Search the listing for "Cotton" and copy every line where it appears.
⁂
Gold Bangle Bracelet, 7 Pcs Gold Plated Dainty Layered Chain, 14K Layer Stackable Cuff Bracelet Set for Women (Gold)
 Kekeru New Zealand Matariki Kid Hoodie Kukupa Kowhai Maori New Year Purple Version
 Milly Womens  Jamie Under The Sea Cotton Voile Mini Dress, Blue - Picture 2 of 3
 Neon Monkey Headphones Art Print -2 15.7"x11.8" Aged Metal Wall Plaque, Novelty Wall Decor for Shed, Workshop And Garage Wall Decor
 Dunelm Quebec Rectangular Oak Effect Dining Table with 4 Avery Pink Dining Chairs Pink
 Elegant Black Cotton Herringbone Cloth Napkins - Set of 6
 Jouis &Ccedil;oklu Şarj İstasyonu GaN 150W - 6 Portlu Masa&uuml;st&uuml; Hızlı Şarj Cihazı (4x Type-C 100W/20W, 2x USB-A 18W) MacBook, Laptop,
⁂
* COMPLETED TASK *
 Milly Womens  Jamie Under The Sea Cotton Voile Mini Dress, Blue - Picture 2 of 3
 Elegant Black Cotton Herringbone Cloth Napkins - Set of 6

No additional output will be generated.